Warbird Alley Special Feature
"One Particular Stearman"
By John "Skipper" Hyle, Associate Editor
Editor Skipper Hyle relates a special story about
Father and son prepare to launch.
One Particular Stearman
Growing up, I wanted to be around airplanes. My first job was with Barnstormer’s Airshow in Hanover County, VA. This operation had two Stearmans, some hot air balloons, and several sky divers that would perform for the crowd on the north end of International Street at King’s Dominion, a large amusement park in Doswell, VA.
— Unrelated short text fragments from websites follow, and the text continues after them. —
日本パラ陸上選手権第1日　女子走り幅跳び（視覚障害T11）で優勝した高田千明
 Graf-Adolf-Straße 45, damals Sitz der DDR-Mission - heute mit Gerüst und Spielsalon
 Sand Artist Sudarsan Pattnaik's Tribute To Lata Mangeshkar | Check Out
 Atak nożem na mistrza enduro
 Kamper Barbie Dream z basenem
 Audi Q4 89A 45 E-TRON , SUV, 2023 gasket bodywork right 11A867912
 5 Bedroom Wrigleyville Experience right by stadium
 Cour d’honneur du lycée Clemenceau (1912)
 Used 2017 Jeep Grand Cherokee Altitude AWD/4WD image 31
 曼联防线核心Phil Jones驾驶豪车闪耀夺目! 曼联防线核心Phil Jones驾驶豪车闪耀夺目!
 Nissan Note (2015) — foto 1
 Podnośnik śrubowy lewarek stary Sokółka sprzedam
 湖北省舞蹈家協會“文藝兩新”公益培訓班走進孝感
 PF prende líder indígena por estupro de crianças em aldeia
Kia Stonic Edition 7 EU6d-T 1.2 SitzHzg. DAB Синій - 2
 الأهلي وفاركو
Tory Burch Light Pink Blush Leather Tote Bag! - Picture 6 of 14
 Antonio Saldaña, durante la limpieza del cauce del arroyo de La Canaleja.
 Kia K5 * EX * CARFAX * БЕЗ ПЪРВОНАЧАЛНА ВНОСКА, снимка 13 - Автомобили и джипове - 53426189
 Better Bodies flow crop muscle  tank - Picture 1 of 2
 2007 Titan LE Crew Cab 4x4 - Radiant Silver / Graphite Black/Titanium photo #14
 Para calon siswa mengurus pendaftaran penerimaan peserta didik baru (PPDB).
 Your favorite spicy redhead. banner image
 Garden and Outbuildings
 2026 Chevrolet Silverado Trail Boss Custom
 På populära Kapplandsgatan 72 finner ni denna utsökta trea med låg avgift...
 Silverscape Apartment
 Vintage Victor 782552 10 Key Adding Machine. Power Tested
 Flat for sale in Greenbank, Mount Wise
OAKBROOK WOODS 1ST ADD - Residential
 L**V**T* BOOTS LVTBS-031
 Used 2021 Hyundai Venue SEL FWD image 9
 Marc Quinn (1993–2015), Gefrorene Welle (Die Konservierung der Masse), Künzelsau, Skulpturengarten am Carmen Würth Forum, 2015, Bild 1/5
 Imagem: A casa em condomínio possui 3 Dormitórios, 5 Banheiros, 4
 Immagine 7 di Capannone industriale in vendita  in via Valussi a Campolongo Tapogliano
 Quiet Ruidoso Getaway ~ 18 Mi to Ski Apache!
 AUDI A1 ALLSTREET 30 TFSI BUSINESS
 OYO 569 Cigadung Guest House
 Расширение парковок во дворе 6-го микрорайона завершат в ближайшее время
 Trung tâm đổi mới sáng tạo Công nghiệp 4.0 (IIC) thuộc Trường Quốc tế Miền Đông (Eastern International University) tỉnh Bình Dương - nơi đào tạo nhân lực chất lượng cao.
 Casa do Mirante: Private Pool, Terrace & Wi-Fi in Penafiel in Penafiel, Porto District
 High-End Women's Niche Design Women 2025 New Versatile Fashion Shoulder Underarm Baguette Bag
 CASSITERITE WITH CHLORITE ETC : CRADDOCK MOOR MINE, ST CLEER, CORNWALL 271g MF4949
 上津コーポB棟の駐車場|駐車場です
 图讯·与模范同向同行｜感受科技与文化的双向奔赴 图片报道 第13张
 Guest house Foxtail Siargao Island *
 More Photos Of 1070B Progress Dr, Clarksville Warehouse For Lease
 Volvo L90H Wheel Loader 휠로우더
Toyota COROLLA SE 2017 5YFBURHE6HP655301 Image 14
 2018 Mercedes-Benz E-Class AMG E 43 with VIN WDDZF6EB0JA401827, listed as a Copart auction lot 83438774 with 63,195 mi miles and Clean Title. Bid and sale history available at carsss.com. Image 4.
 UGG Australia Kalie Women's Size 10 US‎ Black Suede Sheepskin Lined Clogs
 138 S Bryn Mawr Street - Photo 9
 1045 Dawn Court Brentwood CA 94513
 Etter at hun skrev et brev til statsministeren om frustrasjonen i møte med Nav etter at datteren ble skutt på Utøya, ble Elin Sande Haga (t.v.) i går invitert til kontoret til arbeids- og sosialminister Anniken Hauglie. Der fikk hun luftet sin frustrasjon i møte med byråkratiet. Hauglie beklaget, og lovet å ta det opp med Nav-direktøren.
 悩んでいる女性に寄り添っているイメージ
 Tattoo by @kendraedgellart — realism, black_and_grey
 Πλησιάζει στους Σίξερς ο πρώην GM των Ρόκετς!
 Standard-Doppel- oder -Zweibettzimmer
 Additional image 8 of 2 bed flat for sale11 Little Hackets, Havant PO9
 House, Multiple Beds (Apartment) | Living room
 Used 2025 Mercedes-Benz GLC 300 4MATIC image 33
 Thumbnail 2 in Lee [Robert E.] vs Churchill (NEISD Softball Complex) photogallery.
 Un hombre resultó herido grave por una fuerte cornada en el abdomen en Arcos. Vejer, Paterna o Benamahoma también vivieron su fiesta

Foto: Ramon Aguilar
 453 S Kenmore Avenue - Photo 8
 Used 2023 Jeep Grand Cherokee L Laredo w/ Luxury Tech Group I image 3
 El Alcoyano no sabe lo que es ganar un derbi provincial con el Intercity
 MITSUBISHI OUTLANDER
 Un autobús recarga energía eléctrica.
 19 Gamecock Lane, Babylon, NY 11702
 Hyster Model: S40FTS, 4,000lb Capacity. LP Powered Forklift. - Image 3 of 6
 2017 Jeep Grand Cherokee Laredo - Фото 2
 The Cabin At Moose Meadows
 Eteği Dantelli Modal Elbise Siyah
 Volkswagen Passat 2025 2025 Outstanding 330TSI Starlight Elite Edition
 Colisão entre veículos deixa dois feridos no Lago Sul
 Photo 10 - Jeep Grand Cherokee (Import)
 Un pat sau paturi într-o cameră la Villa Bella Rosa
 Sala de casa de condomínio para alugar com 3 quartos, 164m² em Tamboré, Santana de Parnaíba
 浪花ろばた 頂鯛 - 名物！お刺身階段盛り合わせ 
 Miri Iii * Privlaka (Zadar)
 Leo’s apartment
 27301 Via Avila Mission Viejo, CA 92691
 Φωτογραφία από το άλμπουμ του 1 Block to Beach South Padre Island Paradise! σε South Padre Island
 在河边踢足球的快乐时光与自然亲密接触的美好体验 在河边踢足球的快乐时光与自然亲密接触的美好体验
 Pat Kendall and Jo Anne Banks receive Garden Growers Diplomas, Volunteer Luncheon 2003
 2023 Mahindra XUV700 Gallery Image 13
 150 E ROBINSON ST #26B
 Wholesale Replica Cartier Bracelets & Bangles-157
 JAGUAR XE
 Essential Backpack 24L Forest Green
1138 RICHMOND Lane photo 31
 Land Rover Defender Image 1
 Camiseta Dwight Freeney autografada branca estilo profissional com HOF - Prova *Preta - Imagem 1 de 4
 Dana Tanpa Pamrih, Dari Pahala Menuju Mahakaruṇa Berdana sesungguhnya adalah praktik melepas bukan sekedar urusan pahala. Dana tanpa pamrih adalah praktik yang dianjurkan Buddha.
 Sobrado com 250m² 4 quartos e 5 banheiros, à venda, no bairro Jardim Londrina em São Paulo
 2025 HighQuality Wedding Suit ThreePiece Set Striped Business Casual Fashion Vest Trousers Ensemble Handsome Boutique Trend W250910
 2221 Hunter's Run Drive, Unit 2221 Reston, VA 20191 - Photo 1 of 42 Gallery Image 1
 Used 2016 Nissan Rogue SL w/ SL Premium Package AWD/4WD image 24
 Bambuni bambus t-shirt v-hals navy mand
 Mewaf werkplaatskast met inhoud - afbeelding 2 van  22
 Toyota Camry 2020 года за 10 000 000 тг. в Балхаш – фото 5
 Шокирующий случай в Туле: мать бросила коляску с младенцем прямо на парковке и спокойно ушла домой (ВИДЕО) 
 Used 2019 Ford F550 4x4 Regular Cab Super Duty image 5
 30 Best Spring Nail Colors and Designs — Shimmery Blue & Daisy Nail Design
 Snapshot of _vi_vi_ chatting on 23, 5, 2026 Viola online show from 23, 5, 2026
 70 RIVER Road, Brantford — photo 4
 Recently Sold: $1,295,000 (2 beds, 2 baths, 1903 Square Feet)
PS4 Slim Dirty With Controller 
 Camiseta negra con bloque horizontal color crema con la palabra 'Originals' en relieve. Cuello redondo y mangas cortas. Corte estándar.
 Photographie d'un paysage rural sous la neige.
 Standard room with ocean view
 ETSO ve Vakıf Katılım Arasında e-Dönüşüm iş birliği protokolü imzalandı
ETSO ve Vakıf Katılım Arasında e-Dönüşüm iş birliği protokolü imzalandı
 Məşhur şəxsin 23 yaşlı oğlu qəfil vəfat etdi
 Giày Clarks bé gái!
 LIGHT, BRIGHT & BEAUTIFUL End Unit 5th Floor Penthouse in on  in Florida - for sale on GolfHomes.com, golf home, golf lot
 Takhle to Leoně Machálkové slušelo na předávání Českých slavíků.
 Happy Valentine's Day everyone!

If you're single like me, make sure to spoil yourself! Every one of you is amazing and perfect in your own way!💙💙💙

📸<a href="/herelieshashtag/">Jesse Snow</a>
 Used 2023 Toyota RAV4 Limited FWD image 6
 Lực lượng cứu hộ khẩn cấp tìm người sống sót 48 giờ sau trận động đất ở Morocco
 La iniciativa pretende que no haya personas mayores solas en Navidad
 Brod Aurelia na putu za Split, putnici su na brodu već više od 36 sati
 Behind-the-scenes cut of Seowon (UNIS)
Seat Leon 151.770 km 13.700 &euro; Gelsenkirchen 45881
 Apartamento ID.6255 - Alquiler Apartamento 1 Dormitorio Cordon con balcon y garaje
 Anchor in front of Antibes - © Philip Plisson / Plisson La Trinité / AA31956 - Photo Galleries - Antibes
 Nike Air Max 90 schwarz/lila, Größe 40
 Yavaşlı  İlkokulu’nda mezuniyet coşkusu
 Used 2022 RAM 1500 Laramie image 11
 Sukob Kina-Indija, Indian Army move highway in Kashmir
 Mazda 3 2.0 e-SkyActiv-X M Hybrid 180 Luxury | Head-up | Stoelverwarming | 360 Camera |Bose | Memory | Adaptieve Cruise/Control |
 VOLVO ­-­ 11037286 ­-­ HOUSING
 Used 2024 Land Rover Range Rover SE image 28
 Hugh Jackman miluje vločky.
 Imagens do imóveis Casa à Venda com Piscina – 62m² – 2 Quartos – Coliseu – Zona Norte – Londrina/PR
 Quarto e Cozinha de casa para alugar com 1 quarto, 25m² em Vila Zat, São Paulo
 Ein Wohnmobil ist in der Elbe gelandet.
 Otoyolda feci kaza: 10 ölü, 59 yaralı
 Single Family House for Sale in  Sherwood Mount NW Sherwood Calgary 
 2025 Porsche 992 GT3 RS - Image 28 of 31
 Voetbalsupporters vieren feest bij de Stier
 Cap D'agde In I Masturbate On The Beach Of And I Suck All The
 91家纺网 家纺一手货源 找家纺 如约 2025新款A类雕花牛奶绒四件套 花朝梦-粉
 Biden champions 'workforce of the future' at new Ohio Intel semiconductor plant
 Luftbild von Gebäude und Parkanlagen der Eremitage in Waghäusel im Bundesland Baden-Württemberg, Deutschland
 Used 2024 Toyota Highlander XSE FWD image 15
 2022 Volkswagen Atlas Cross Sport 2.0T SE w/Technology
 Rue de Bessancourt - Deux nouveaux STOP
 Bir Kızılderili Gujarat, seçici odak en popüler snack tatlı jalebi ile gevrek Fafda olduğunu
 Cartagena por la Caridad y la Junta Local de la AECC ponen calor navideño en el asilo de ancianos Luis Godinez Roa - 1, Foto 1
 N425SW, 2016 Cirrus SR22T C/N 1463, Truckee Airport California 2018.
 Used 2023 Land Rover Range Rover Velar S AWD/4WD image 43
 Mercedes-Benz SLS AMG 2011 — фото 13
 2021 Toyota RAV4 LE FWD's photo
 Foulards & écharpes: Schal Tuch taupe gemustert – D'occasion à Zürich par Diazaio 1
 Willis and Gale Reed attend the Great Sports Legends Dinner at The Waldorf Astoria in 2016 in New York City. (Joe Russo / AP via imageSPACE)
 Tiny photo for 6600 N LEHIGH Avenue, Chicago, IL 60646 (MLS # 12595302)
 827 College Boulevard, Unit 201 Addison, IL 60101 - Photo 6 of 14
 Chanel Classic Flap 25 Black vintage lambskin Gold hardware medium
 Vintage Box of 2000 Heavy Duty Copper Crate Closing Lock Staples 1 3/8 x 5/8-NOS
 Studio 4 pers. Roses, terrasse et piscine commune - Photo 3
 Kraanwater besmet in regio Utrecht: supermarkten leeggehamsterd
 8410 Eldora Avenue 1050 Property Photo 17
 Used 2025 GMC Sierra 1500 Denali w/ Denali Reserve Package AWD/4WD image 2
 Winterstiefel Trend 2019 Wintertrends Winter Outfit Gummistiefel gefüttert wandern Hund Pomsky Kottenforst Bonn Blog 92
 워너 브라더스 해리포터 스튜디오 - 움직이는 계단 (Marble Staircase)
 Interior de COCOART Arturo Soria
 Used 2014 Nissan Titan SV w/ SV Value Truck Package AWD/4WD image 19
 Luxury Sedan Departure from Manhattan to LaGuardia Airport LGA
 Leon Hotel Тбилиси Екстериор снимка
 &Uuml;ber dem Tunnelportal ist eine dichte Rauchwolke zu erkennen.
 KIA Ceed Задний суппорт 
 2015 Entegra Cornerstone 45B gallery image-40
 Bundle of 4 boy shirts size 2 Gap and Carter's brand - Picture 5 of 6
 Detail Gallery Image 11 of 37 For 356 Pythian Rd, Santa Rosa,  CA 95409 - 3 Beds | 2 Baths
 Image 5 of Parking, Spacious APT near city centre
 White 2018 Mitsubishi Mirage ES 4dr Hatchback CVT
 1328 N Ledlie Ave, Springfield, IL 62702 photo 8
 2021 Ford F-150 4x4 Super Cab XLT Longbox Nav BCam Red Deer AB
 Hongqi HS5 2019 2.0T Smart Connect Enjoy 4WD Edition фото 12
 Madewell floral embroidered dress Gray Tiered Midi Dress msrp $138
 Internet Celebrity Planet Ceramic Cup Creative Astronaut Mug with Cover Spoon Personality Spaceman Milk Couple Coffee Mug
I was a crew member on the hot air balloons and helped inflate and recovery them after the flight. Sometimes, we’d do a “Crash for Cash” in the parking lot, and sometimes we’d do longer flights to various places around the area. We did it so much, 180 shows each summer, that we could practically tell where the balloon would land as soon as it cleared the buildings and caught the wind line. We also flew champagne flights, promotional events for car dealerships, and whatever else paid money.
But in wanting to be around the planes, the Stearmans caught my eye. Our pilots were a varied lot. One worked as the mechanic and kept everything running; the other two were ex-World War II. One guy had given me my Private Pilot checkride, and worked full time selling aircraft parts. During World War II he had been a Primary Instructor in Stearmans, in the U.S. Navy. The other was a Battle of Britain veteran who had gone to Canada to enlist and never converted over to the U.S. Army Air Corps when he had the opportunity, because he wanted to stay in Spitfires. He ended up a Group Captain, and earned a Victoria Cross. Watching those two fly was a dream.
One of the aircraft was N179M. (They were both pretty much the same, but 79M is the hero of the story.)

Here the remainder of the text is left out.